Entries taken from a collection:
------------------------------------

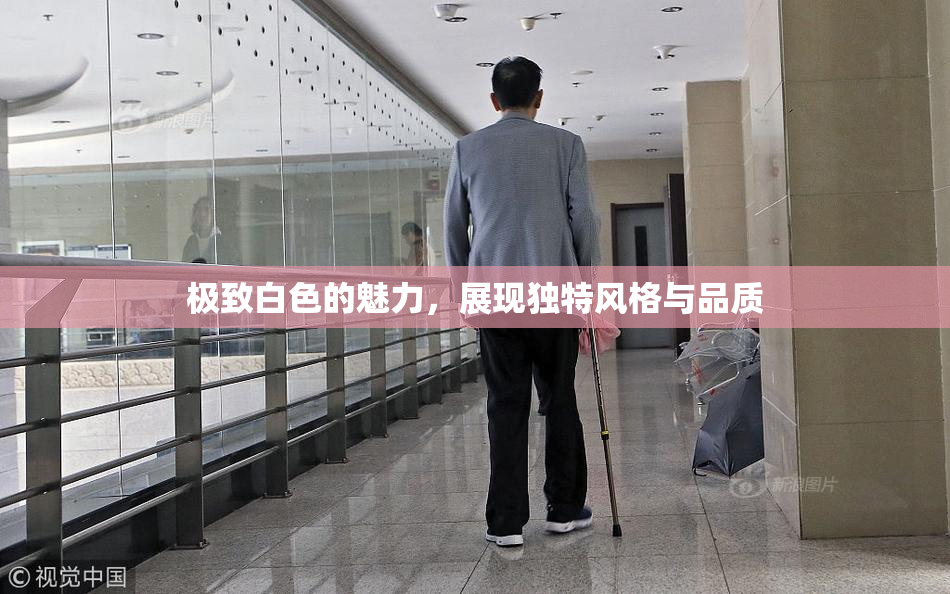 极致白色的魅力，展现独特风格与品质
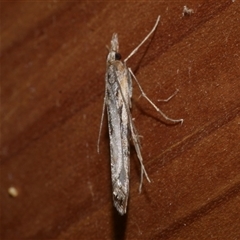 Hednota pedionoma at Freshwater Creek, VIC - 18 Apr 2020 12:17 AM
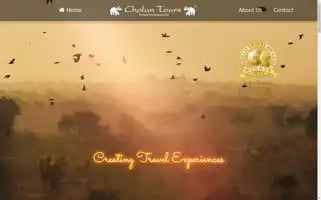 Cholantours.com Screenshot 2024-04-15 07:20:40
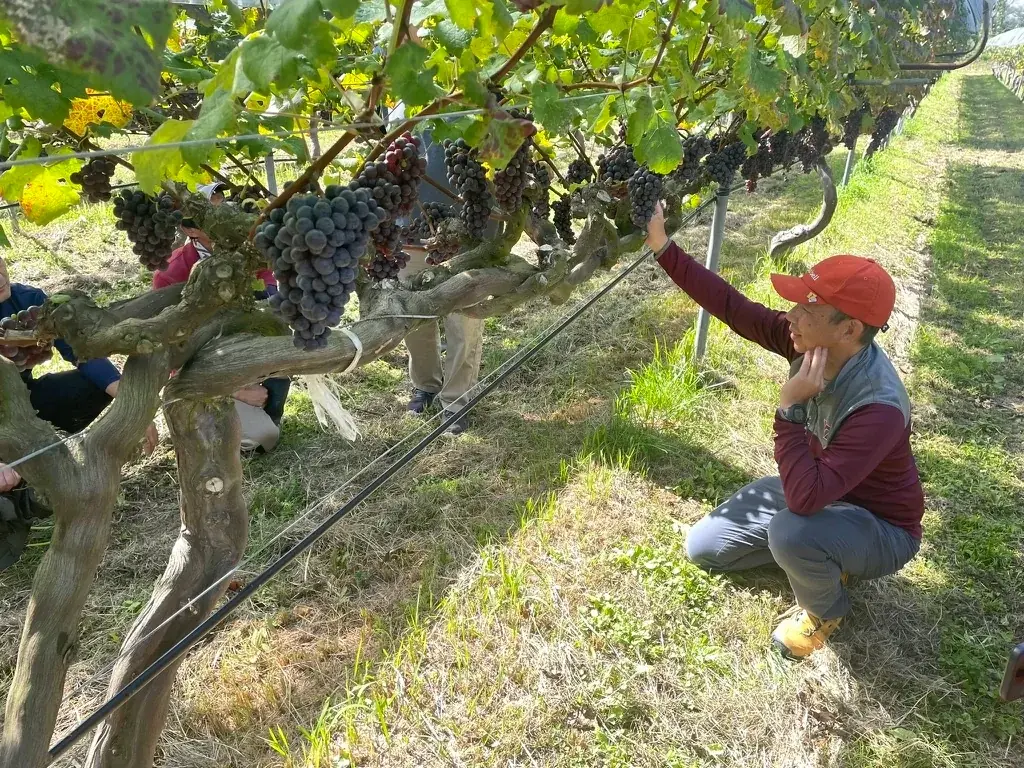 日本ワインの未来を守る！　ワインブドウ病理のエキスパート・荷田瑞穂准教授（バージニア工科大学）による全国セミナー・ワークショップを開催 画像 3
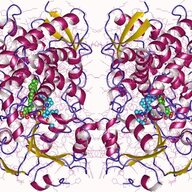 CYP3A4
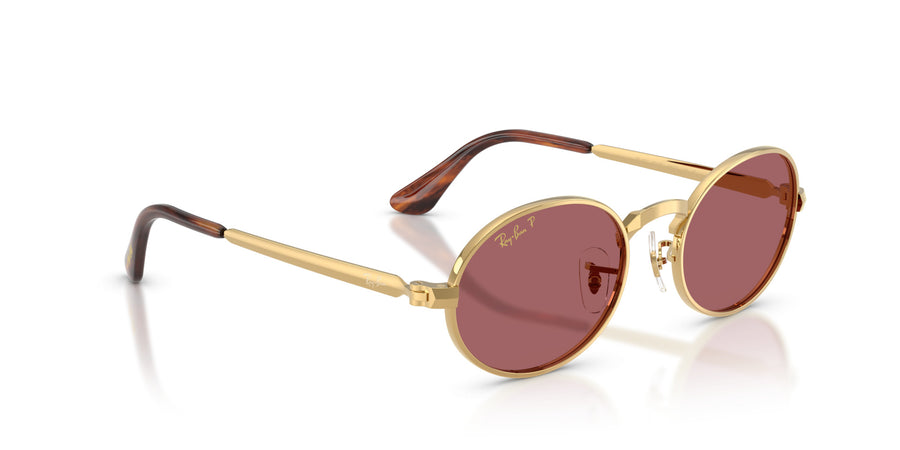 Metal Unisex Sunglass RB3931 – Gold / Polar Purple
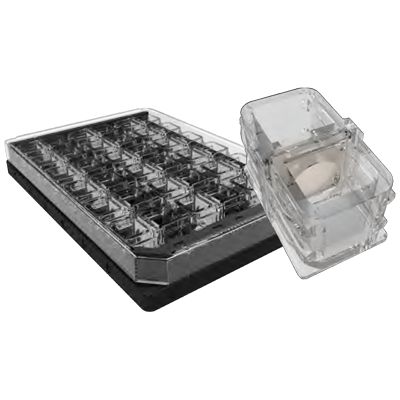 Cerillo微生物共培养系统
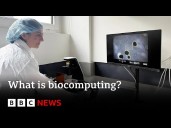 What is biocomputing?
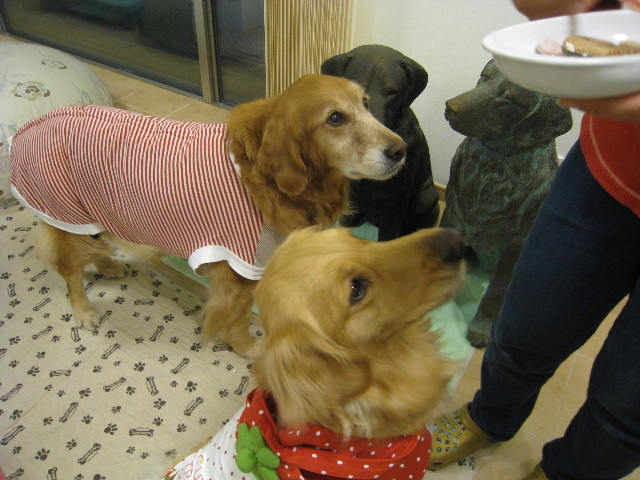 ファイル 725-3.jpg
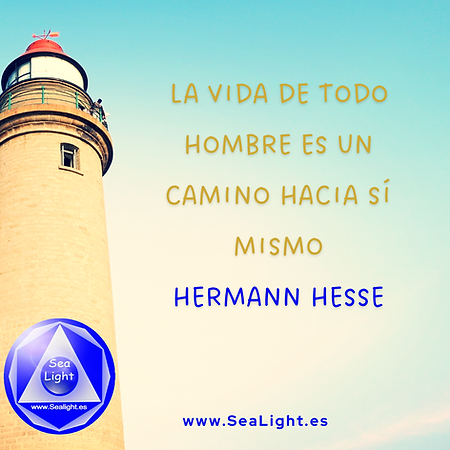 sealight escuela crecimiento personal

------------------------------------

PROBLEM TO WORK ON:
A word-for-word copy of the records is needed, with no pictures carried over.

SOLVED EXERCISE:
 极致白色的魅力，展现独特风格与品质
 Hednota pedionoma at Freshwater Creek, VIC - 18 Apr 2020 12:17 AM
 Cholantours.com Screenshot 2024-04-15 07:20:40
 日本ワインの未来を守る！　ワインブドウ病理のエキスパート・荷田瑞穂准教授（バージニア工科大学）による全国セミナー・ワークショップを開催 画像 3
 CYP3A4
 Metal Unisex Sunglass RB3931 – Gold / Polar Purple
 Cerillo微生物共培养系统
 What is biocomputing?
 ファイル 725-3.jpg
 sealight escuela crecimiento personal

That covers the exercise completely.